The William Wilson Corcoran Visiting Professor of Community Engagement for this academic year will be Eric Gottesman, a co-founder of For Freedoms, an artist-led collective known for centering art as a catalyst for creative civic engagement and direct action.
Always working in collaboration with other artists, often in the mediums of photography, video and installations, Gottesman views art as inherently political. His collaborative projects have been presented widely and brought him various honors, including a Fulbright Fellowship in 2012 and a John Simon Guggenheim Fellowship in 2020.
This semester, his course, “For Freedoms,” will meet each Thursday night in the Flagg Building of the Corcoran School of the Arts and Design, housed in GW’s Columbian College of Arts and Sciences.
The William Wilson Corcoran Visiting Professor position is funded by a grant administered by the Trustees of the Corcoran Gallery of Art and is intended for individuals with publicly engaged art practice. The visiting professor connects with the D.C. community and enables the Corcoran to drive social change at the local level.

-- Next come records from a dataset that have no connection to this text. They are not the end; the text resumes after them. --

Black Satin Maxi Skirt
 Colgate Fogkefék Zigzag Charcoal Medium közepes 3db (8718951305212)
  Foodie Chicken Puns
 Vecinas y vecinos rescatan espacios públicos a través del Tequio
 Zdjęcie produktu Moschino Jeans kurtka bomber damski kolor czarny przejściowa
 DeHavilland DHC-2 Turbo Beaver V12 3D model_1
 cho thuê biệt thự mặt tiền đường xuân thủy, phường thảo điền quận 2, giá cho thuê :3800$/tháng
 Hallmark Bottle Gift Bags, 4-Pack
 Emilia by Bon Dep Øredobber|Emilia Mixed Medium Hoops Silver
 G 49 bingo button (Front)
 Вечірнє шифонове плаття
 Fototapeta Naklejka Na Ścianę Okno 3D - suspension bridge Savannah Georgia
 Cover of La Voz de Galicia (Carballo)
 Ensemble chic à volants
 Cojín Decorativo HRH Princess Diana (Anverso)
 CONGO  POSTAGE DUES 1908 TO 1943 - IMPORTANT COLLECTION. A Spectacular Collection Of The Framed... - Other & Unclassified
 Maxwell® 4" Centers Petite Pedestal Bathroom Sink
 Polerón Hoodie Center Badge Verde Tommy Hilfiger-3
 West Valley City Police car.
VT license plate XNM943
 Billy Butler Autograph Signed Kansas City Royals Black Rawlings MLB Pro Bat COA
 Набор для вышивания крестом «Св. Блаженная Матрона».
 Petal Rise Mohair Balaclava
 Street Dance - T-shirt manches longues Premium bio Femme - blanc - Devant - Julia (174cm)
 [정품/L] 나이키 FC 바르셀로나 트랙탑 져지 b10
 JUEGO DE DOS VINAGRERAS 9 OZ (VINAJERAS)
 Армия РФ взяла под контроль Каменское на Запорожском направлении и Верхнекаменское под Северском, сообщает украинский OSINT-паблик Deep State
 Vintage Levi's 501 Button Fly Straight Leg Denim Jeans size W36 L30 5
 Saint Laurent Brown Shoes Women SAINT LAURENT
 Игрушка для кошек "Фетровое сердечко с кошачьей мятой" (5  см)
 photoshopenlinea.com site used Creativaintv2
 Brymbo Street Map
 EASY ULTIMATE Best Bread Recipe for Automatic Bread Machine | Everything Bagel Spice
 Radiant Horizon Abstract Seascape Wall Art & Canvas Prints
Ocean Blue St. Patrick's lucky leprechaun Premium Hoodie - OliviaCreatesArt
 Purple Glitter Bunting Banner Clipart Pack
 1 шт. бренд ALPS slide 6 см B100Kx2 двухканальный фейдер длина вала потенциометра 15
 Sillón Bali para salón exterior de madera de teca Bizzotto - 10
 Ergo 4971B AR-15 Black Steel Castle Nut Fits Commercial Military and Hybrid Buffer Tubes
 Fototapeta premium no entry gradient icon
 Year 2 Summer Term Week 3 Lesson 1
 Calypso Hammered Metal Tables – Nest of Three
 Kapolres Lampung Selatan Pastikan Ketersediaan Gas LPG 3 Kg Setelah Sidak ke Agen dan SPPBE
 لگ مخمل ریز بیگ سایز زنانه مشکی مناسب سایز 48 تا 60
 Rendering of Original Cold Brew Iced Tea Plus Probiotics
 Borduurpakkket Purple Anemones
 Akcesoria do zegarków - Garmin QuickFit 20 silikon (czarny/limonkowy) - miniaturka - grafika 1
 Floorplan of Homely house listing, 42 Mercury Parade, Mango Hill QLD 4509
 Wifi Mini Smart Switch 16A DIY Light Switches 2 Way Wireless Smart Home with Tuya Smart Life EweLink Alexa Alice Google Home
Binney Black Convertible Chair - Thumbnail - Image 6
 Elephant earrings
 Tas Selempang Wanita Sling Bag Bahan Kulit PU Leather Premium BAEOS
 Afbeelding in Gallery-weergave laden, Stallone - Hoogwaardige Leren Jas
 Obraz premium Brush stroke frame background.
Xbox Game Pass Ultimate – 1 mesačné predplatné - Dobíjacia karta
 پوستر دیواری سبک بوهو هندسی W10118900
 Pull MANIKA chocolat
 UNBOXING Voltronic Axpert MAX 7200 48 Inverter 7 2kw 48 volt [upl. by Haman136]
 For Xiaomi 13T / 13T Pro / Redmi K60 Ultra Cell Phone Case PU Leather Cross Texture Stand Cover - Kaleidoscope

Lauren Onkey, director of the Corcoran and professor in the Music Program, praised Gottesman as both an artist and teacher, saying his work is perfectly aligned with the mission of the professorship.
“This professorship has been core for us in the last several years, helping us advance our mission to position the arts as community engagement, as civic engagement,” Onkey said. “Eric will have a big impact on our students, and we’re really excited that he was interested in this role at the Corcoran School.”
Gottesman’s presence on campus this year, Onkey added, will be “turbocharged” by the fact that For Freedoms, the group he co-founded, is beginning a three-year residency hosted by the Corcoran School and the National Gallery of Art. The group is noted for various campaigns, including its “50 State Initiative” for which more than 300 artists designed billboards to inspire conversation and political action, displayed in all 50 states plus Puerto Rico and the District of Columbia.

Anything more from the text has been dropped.